## [EXERCISE REQUIREMENTS]
In the entries below, begin at the line that has "The value is another dictionary with" and stop after the line that has "In order to"; output those lines exactly, leaving out pictures.

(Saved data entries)
=== Begin Enclosure ===
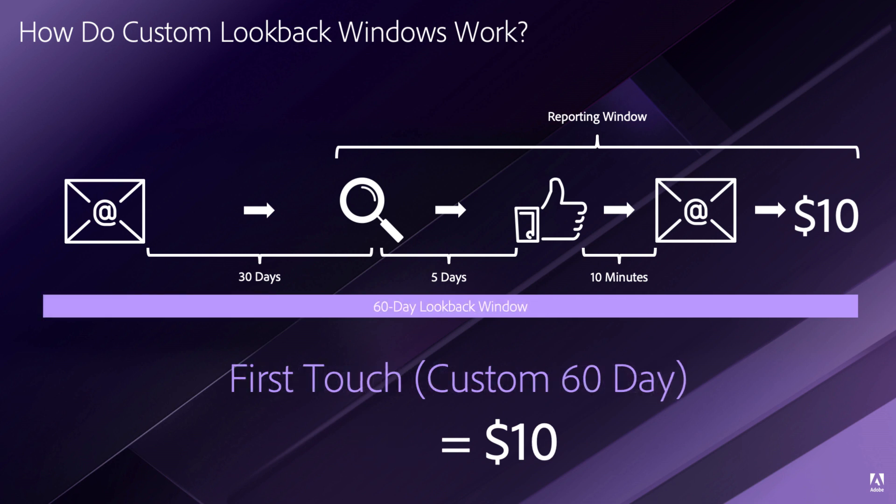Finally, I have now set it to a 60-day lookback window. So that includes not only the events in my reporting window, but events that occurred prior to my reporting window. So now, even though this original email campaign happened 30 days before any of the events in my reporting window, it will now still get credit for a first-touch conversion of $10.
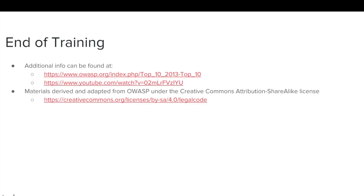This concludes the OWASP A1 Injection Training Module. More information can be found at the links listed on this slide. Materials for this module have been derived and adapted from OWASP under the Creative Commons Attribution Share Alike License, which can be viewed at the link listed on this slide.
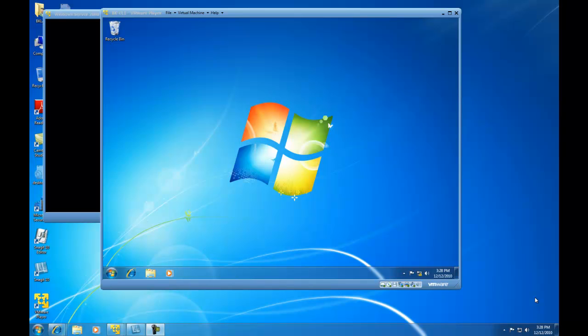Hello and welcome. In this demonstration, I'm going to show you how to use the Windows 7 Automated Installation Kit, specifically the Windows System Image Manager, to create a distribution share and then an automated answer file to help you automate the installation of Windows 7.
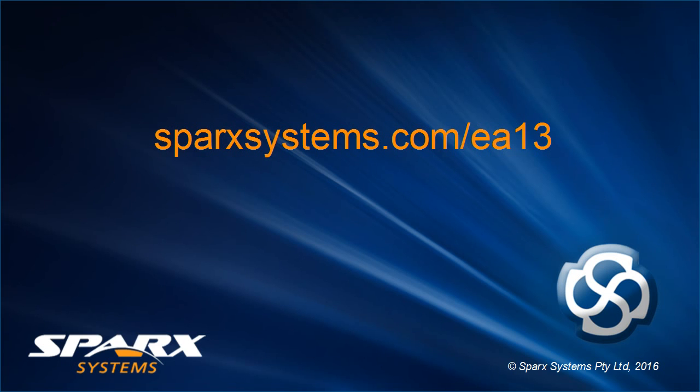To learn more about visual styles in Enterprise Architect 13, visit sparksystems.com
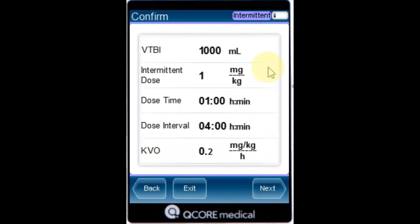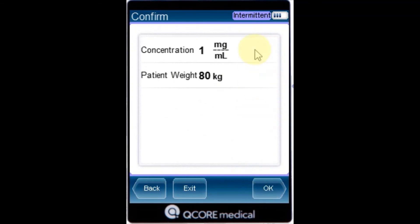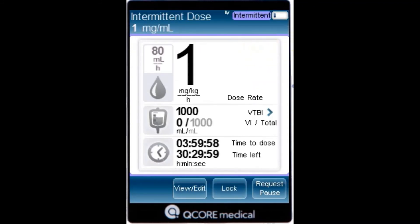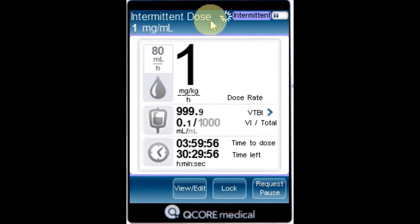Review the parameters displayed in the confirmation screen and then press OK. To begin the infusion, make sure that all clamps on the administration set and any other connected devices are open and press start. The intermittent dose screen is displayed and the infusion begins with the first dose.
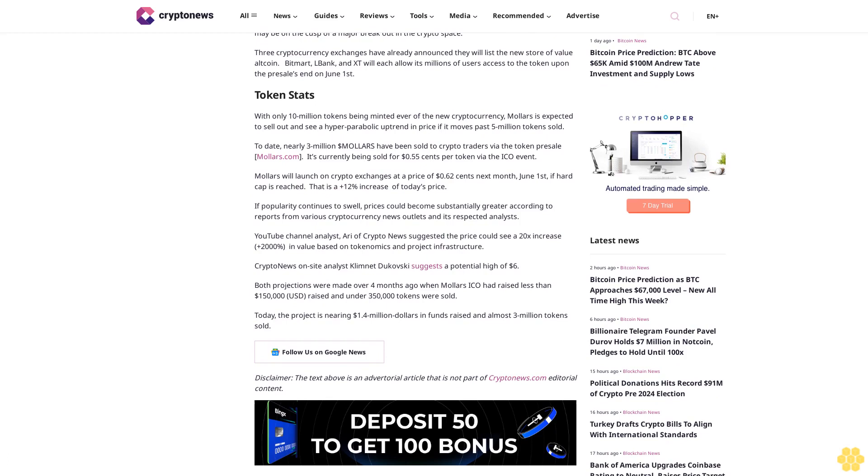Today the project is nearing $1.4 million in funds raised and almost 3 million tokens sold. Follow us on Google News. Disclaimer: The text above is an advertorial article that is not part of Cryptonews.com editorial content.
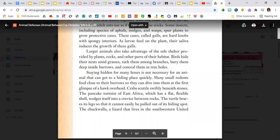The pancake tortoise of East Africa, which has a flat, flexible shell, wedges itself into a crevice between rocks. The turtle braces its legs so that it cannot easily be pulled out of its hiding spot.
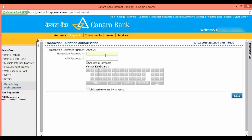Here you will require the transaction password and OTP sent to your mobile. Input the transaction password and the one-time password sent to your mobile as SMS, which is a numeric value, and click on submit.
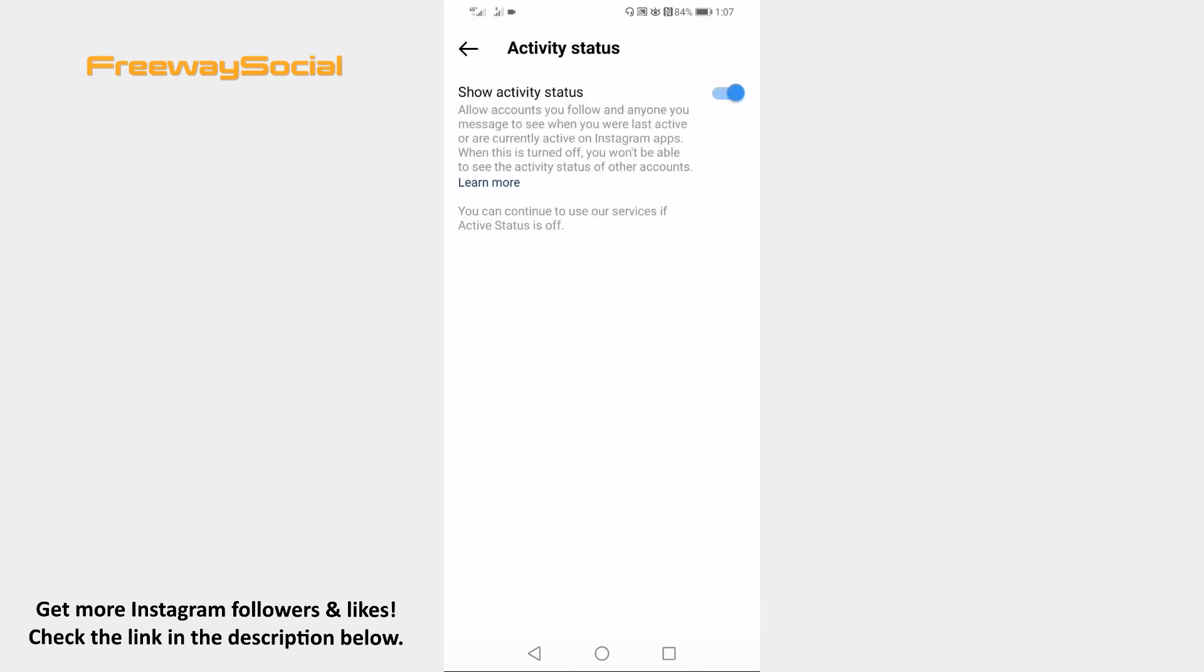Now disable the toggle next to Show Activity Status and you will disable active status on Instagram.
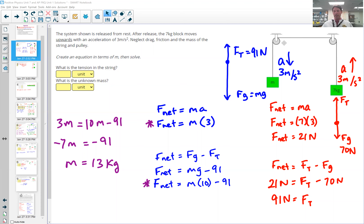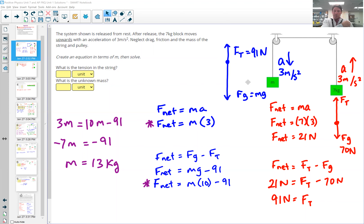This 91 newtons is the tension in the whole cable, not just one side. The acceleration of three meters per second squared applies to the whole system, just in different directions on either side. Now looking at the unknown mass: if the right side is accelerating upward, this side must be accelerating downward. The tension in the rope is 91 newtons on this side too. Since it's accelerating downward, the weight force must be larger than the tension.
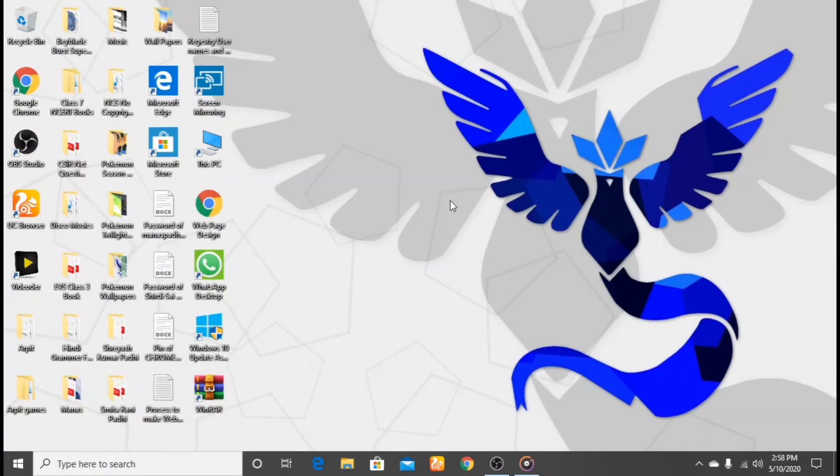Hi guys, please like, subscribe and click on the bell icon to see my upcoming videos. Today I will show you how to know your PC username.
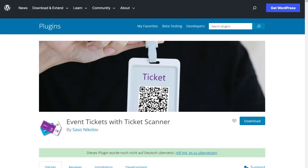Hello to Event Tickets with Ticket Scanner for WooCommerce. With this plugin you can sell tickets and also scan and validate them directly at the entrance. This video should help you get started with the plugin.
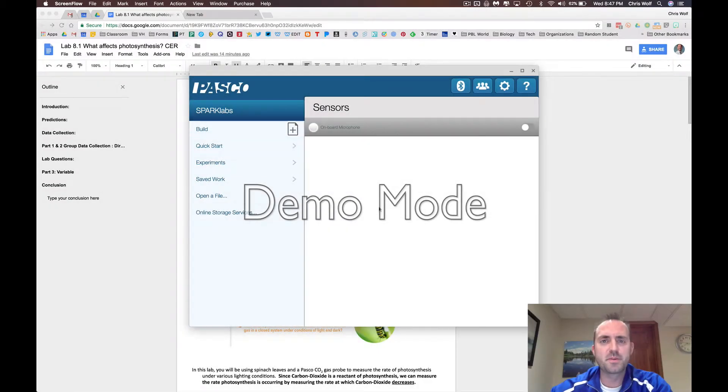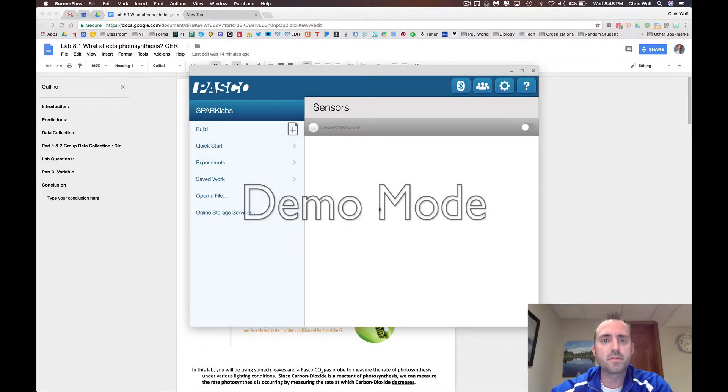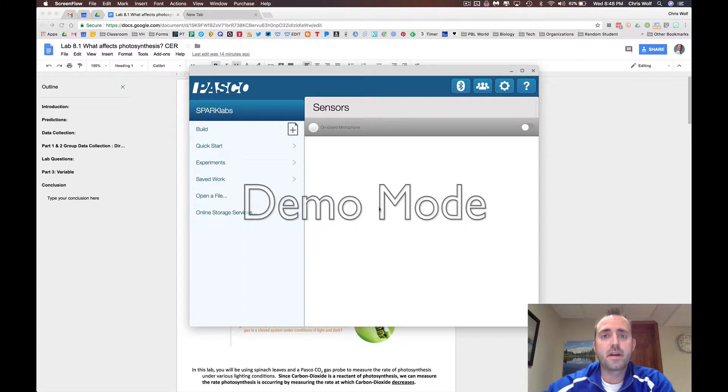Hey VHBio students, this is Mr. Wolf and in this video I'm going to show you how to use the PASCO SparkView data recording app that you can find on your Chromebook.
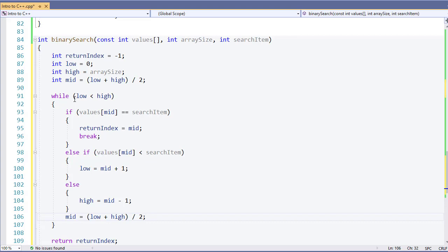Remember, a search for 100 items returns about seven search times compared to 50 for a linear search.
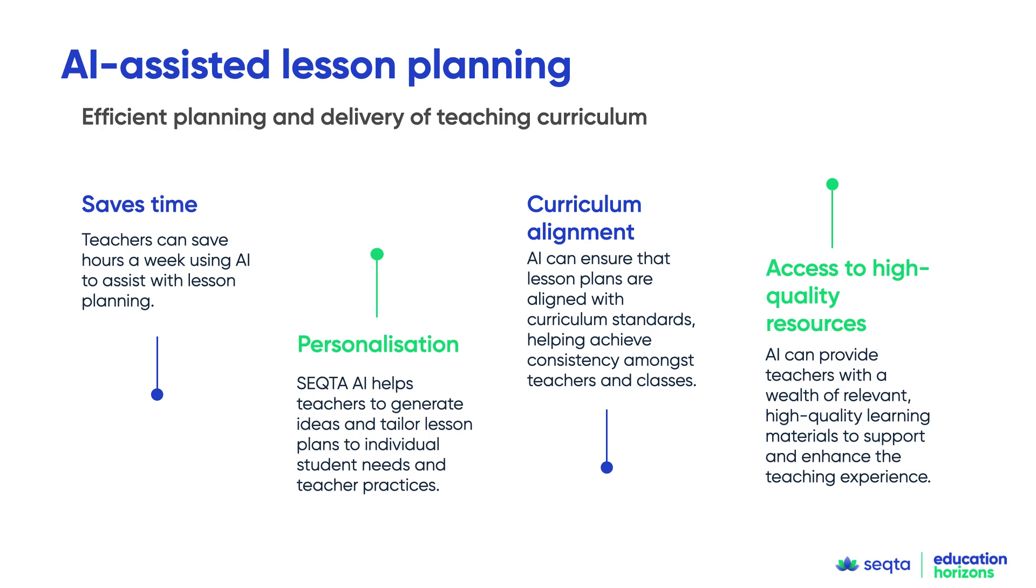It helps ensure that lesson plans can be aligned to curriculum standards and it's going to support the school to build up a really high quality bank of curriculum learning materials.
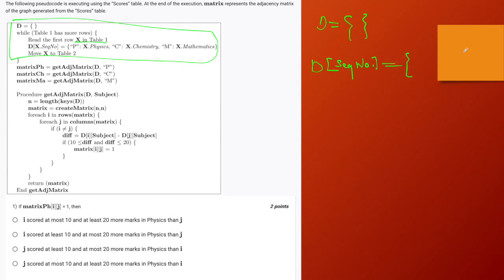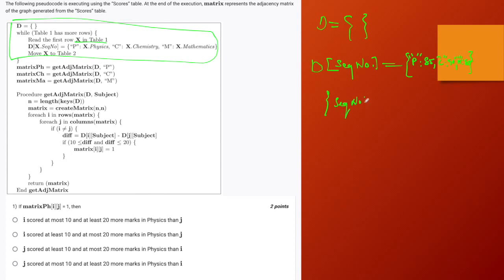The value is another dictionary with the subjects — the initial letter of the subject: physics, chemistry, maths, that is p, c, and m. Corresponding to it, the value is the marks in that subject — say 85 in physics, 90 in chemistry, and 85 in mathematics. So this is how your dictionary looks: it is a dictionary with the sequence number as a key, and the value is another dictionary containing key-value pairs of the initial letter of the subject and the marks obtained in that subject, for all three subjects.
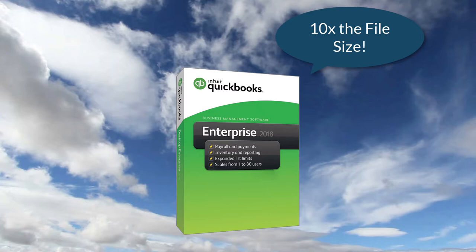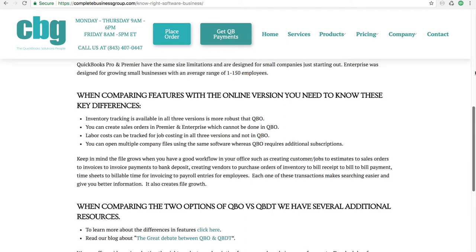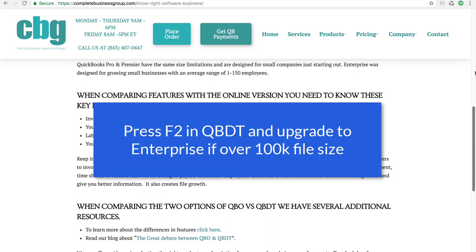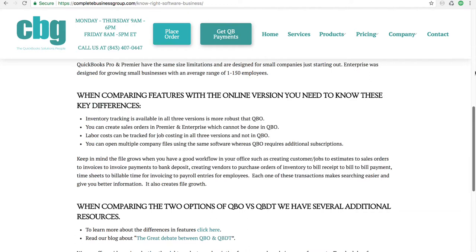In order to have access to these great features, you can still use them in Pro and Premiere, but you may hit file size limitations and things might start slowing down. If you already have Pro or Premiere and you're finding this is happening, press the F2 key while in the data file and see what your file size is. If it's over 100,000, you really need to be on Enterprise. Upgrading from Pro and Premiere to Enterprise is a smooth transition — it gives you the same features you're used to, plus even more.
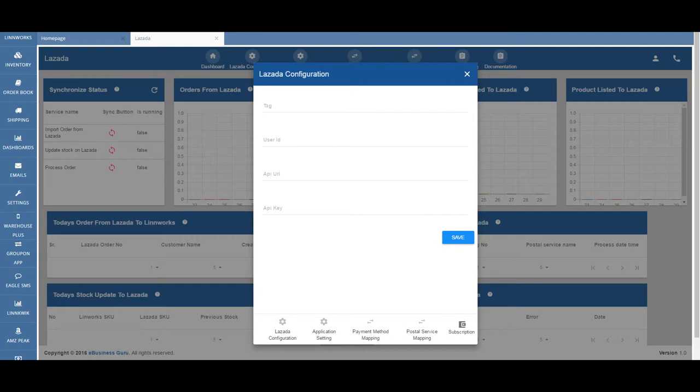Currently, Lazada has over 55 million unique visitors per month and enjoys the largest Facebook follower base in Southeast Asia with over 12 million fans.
=== End Enclosure ===
## [ANSWER SECTION]
The value is another dictionary with the subjects — the initial letter of the subject: physics, chemistry, maths, that is p, c, and m. Corresponding to it, the value is the marks in that subject — say 85 in physics, 90 in chemistry, and 85 in mathematics. So this is how your dictionary looks: it is a dictionary with the sequence number as a key, and the value is another dictionary containing key-value pairs of the initial letter of the subject and the marks obtained in that subject, for all three subjects.
In order to have access to these great features, you can still use them in Pro and Premiere, but you may hit file size limitations and things might start slowing down. If you already have Pro or Premiere and you're finding this is happening, press the F2 key while in the data file and see what your file size is. If it's over 100,000, you really need to be on Enterprise. Upgrading from Pro and Premiere to Enterprise is a smooth transition — it gives you the same features you're used to, plus even more.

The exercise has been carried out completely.